--- Information given ---

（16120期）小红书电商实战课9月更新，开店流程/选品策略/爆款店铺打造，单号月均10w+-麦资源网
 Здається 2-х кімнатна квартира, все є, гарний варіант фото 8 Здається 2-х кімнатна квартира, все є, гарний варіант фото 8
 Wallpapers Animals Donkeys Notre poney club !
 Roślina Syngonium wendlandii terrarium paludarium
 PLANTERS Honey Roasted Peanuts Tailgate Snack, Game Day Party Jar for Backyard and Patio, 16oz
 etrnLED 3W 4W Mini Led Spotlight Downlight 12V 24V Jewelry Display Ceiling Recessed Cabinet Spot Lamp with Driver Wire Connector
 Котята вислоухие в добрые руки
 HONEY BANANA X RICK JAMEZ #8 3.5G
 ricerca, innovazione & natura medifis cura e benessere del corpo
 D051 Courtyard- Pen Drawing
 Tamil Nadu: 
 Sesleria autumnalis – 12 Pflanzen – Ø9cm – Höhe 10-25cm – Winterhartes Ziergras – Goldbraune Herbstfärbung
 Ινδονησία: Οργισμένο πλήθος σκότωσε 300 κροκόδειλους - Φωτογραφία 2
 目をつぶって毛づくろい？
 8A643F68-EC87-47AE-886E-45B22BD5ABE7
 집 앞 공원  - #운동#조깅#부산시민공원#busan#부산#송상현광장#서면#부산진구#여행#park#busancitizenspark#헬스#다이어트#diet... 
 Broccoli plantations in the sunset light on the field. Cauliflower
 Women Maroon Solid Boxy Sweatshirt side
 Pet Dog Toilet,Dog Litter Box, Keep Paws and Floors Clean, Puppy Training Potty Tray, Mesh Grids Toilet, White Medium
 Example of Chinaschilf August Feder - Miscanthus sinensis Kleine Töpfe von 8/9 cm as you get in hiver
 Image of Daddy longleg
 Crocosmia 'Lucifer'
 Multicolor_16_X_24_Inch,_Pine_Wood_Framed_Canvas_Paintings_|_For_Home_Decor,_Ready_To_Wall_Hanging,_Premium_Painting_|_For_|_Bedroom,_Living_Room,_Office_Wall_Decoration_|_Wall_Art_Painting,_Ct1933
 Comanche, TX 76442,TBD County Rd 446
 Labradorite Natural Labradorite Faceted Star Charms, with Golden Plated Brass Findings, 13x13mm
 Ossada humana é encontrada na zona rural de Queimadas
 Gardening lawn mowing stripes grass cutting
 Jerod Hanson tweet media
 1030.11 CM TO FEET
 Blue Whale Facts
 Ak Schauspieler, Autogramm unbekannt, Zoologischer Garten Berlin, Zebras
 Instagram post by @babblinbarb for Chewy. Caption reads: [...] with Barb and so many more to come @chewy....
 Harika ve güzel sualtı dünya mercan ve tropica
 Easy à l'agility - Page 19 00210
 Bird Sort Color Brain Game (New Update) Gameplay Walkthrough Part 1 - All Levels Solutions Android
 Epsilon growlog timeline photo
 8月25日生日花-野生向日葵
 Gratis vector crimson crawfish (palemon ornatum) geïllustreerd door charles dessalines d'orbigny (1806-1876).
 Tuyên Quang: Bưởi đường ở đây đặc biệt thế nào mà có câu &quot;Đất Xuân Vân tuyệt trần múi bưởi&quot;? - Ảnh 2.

---

▸ Action item: The reply should be nothing but the number of lines in the entries that include "with".

▸ Solution to this exercise: 3